EXERCISE PROMPT: Starting with the first line below, extract each line through the one that contains "Eaton Systeem 55", inclusive, excluding pictures.

[Records excerpted from a collection]
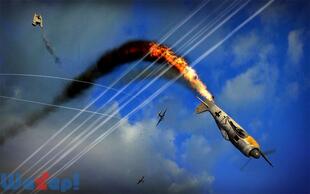 �R���o�b�g�E�B���O�X: The Great Battles of World War II�̉摜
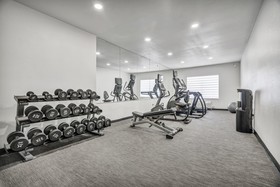 Fairfield Inn & Suites Fort Worth/Fossil Creek
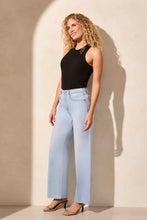 BLUE THREAD Brooke Limitless Stretch Wide Leg Jeans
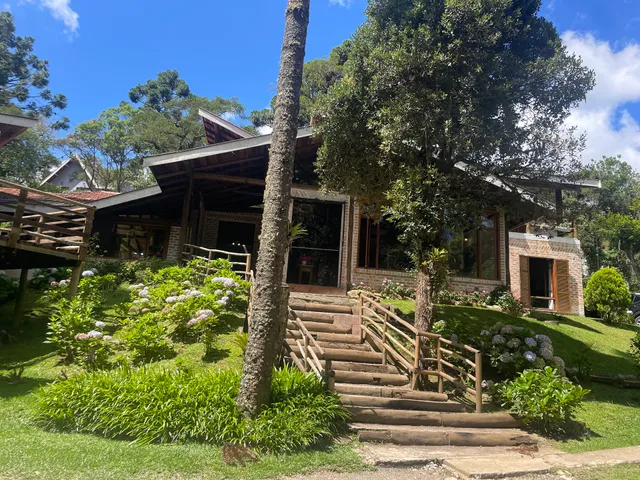 Pousada Villa Serena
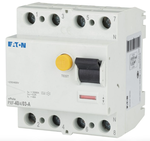 Eaton Systeem 55 - Aardlekschakelaar 4P 40A 300mA 236778 - TIP ivm hoge kortsluitvastheid -10KA! - 4015082740511 - eaton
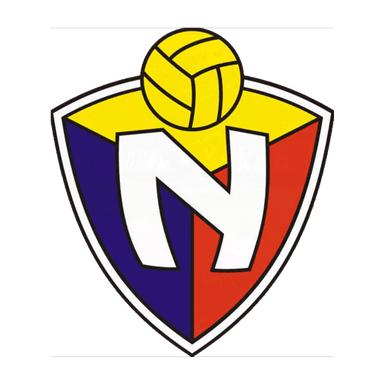 El Nacional logo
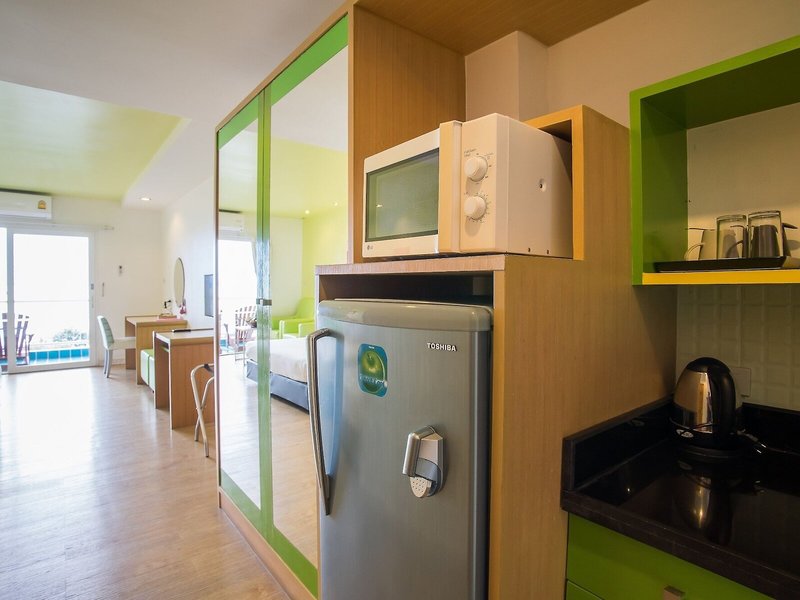 Best Bella Pattaya 38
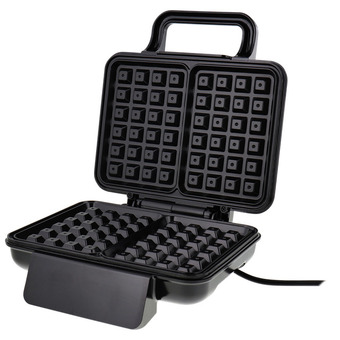 Action Tristar wafelijzer PD-8872 aanbieding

TASK SOLUTION:
 �R���o�b�g�E�B���O�X: The Great Battles of World War II�̉摜
 Fairfield Inn & Suites Fort Worth/Fossil Creek
 BLUE THREAD Brooke Limitless Stretch Wide Leg Jeans
 Pousada Villa Serena
 Eaton Systeem 55 - Aardlekschakelaar 4P 40A 300mA 236778 - TIP ivm hoge kortsluitvastheid -10KA! - 4015082740511 - eaton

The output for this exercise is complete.